Ramona Kühne kam vor acht Jahren vom Kickboxen zum Amateur-Boxen. „Ich merkte, dass meine Fäuste besser waren als meine Füße“, sagt sie. Als sie vor vier Jahren ihren Lebenspartner Stephan Böstfleisch kennen lernte, wog sie noch 83 Kilogramm. Zwei Jahre später absolvierte sie ihren ersten Profikampf – im Halbweltergewicht bis 63,5 Kilogramm. In der Gewichtsklasse holte sie den WM-Gürtel, im vergangenen Mai kam der Titel im Leichtgewicht hinzu. Ihr Promoter Ulf Steinforth hatte einmal gesagt, Ramona sei die einzige Boxerin der Welt, die so abgespeckt hat: vom Halbwelter- über das Leichtgewicht zum Superfedergewicht.

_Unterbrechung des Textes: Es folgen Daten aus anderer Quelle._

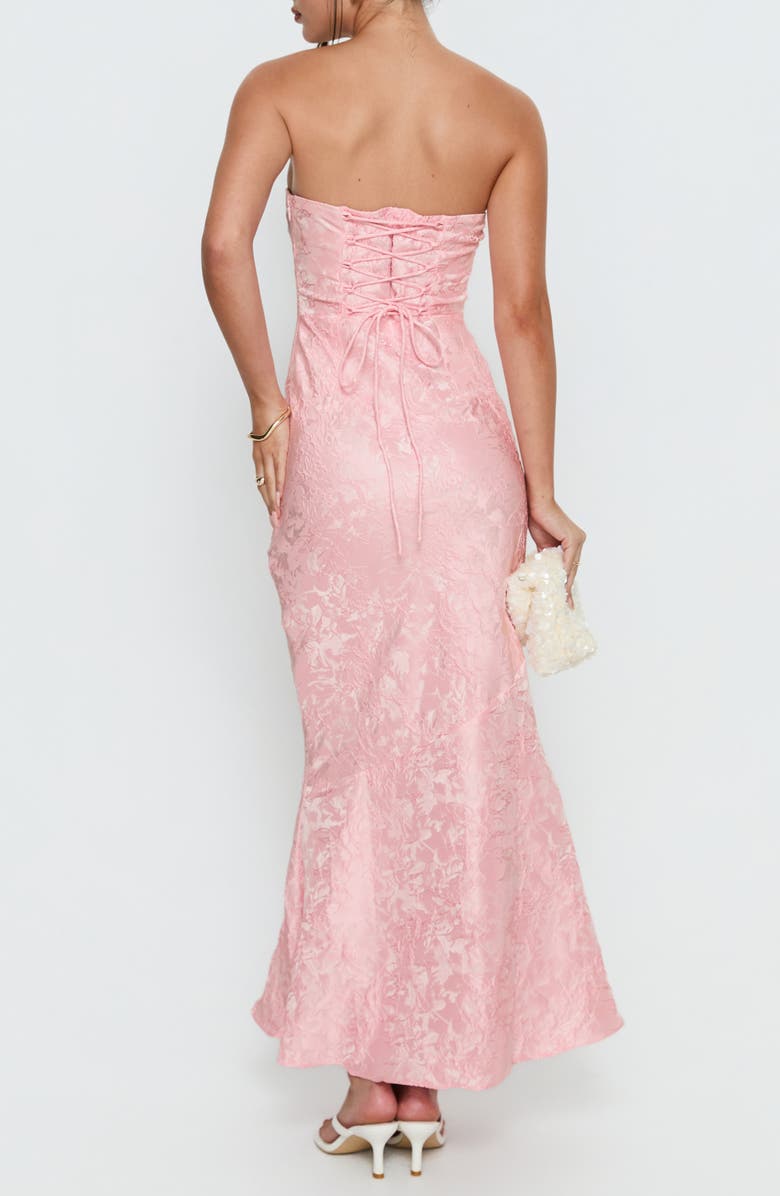 Princess Polly Lips Are Sealed Lace Jacquard Strapless Gown, Alternate, color, Pink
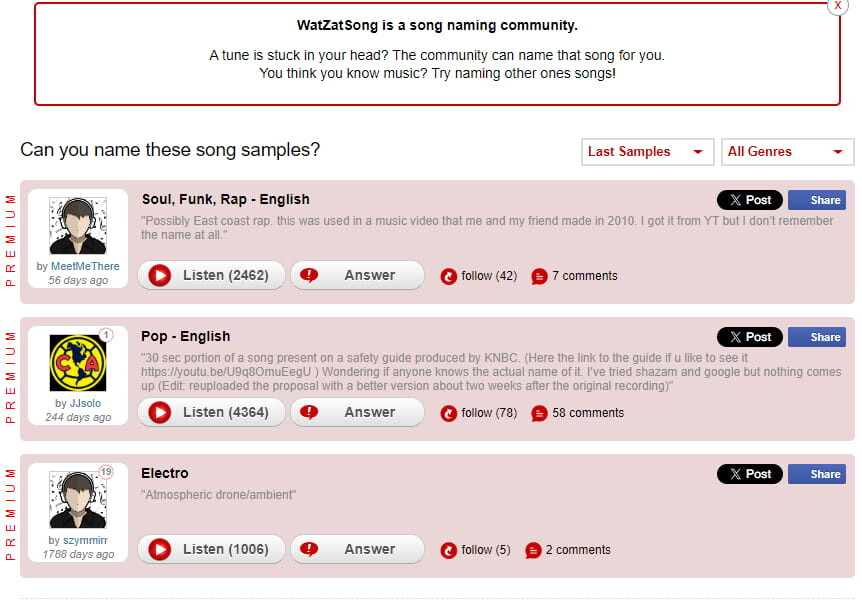 tìm bài hát bằng website Whatzatsong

Ramona Kühne sagt, nach keinem Kampf sei es ihr so schlecht gegangen, dass sie über das Aufhören nachgedacht habe. Kopf- und Nackenschmerzen und schmerzende Knöchel am Tag nach einem Kampf seien normal. „Aber das kann man gut mit einem Spaziergang und einem leckeren Essen ausgleichen.“

Training nach der Arbeit<7b>

Boxen gehört zwar zu ihrem Leben, aber leben kann sie davon nicht – obwohl sie Profi ist. „Als Frau ist man im Boxen noch nicht so gut angesehen wie ein Mann“, sagt sie. Daher werden sie und ihr Lebensgefährte in dieser Woche wieder arbeiten gehen: Sie ist Schwimmmeisterin bei der Berliner Bäderverwaltung, er ist Polizist in der Hauptstadt. Trainiert wird nach der Arbeit.
Ramona Kühne liebt Tiere, sie hat einen Hund – einen Rhodesian Ridgeback. Sie würde gern auch viel mehr reisen, so wie ihre drei Jahre ältere Schwester Jessica, die gerade für ein Jahr in Australien ist. Doch dafür fehlt die Zeit. Sie würde auch gerne wieder Ski fahren oder mit dem Motorrad übers Land brausen. Doch all dies darf sie nicht. Zu groß wäre die Verletzungsgefahr für die amtierende Weltmeisterin.